Neither should such a site have much effect on Wikipedia's "Right to Vanish" which, as far as I can make out, is more of a Right to Make it Somewhat Harder to Associate Your Edits With Your Identity.  Invoking this right does entail deleting one's User: page (but not one's Talk: User page), but I'm not sure how the average user page would make it easier or more difficult to track down who made a particular set of somewhat-anonymized edits.  But I'm not a Wikipedia.expert, so I may have missed something.

Naturally, there is a Wikipedia page on Deltionpedia, and naturally, it has been nominated for deletion at least once.

Sunday, February 6, 2011

You joined the social network ... now see the movie

To be clear right off the bat: This is about the movie The Social Network.  It's not about Facebook, the company, or Mark Zuckerberg, the CEO, or any other actual person, place or thing.  True, there's a person called Mark Zuckerberg in the movie, there is a university called Harvard and a substance called beer, and probably a bit more than the usual amount of care was taken to align those depictions with their real-world counterparts, but it's a movie.  Likewise, my comments here are about the movie.

I liked it.  It's not a bad movie.  But then, I liked Hackers when I finally saw it.

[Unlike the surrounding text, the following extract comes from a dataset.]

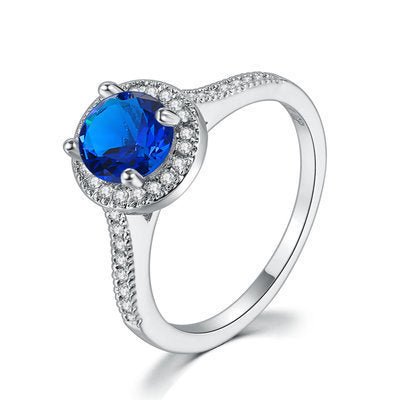 Copper Zircon Inlay Ring With White Gold Plating 10mm Face Hand Polished Finish Nine Color Variants Plus Shine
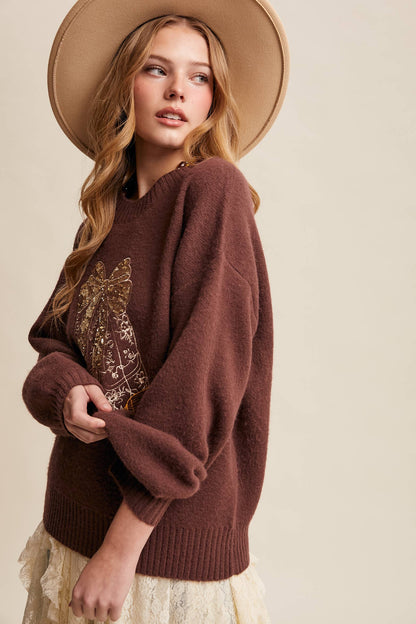 Sequin Cowboy Boot Sweater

The techspeak is reasonably believable.  In particular, the rapid-fire voiceover as Zuckerberg puts together Facemash is taken directly from the real-life Zuckerberg's online diary (which, however, gets tarted up a bit for the camera).  Using wget to fetch pictures off a web site with an index page full of them is not exactly cutting-edge, but the Zuckerberg character acknowledges as much.  Hacking a perl script with emacs -- or vi, if you prefer -- is a bit more like it.  None of it's neurosurgery, but this is a quick hack.  Judging by the timestamps, he is hacking reasonably quickly, so the guy knows how to get under the hood and get his hands dirty.

What's more interesting is not the coding but the engineering.  In the process of pulling together mugshots of as many Harvard students as he can, Zuckerberg runs across a house whose particular setup makes the task difficult.  What does he do?  Does he down four cans of Jolt Cola and miraculously come up with a superhuman hack to break in?  No.  He punts.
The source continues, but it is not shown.